-- Given data follows --

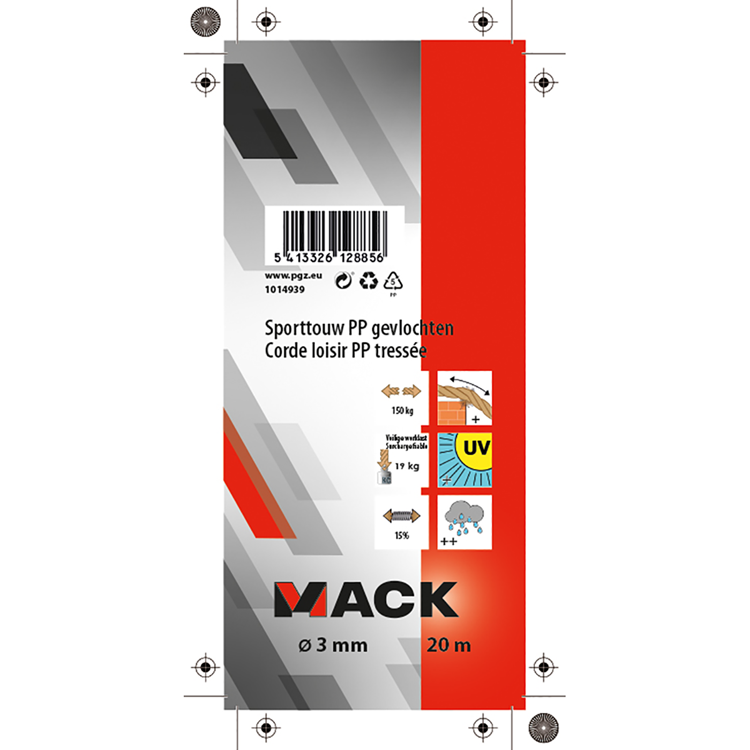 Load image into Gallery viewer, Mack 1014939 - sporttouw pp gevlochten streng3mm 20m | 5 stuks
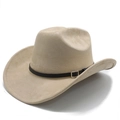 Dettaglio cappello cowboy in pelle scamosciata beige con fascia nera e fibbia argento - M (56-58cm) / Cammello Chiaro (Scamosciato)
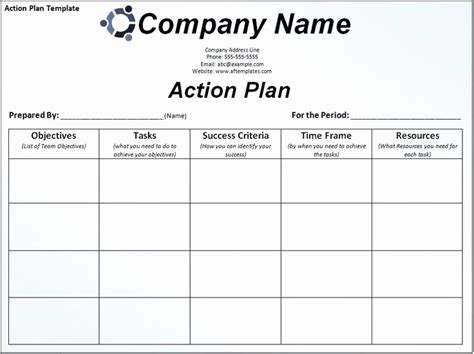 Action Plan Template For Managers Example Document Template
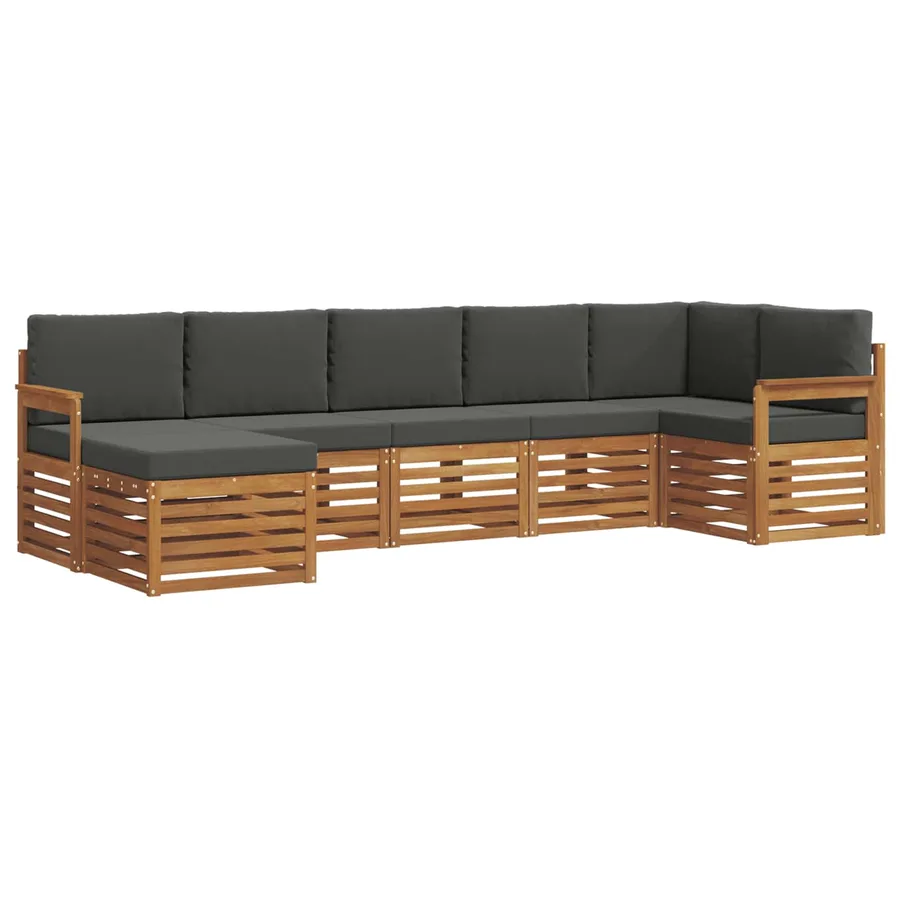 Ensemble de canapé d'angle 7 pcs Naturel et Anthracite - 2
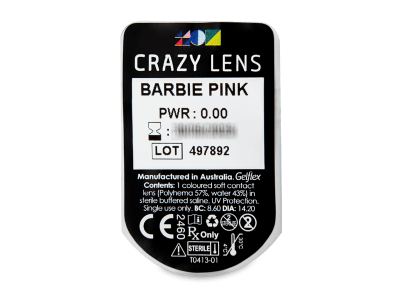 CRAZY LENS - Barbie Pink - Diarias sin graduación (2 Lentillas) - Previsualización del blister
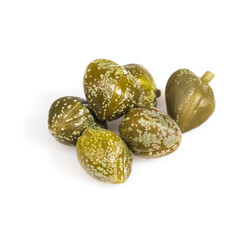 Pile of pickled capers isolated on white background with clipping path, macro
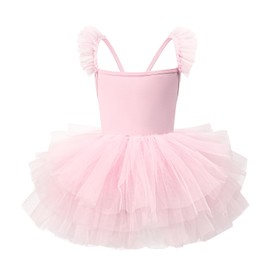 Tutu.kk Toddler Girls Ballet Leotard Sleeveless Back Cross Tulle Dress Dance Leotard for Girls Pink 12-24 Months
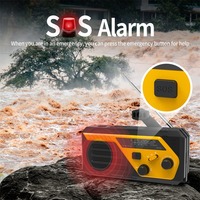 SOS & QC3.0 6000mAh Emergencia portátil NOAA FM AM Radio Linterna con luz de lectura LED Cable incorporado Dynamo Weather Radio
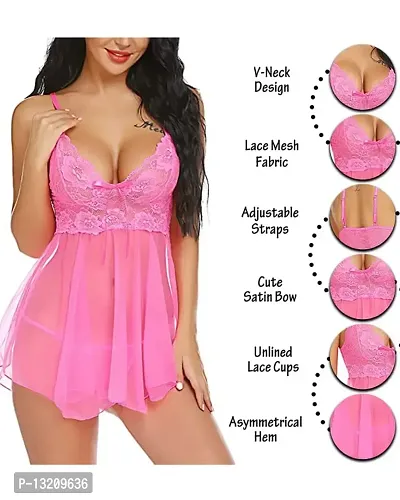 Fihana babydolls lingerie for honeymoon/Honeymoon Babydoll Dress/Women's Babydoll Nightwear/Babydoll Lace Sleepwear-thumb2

-- Given data concluded --

Task goal:
Omit the pictures and output all remaining material exactly.

Task response:
 Load image into Gallery viewer, Mack 1014939 - sporttouw pp gevlochten streng3mm 20m | 5 stuks
 Dettaglio cappello cowboy in pelle scamosciata beige con fascia nera e fibbia argento - M (56-58cm) / Cammello Chiaro (Scamosciato)
 Action Plan Template For Managers Example Document Template
 Ensemble de canapé d'angle 7 pcs Naturel et Anthracite - 2
 CRAZY LENS - Barbie Pink - Diarias sin graduación (2 Lentillas) - Previsualización del blister
 Pile of pickled capers isolated on white background with clipping path, macro
 Tutu.kk Toddler Girls Ballet Leotard Sleeveless Back Cross Tulle Dress Dance Leotard for Girls Pink 12-24 Months
 SOS & QC3.0 6000mAh Emergencia portátil NOAA FM AM Radio Linterna con luz de lectura LED Cable incorporado Dynamo Weather Radio
 Fihana babydolls lingerie for honeymoon/Honeymoon Babydoll Dress/Women's Babydoll Nightwear/Babydoll Lace Sleepwear-thumb2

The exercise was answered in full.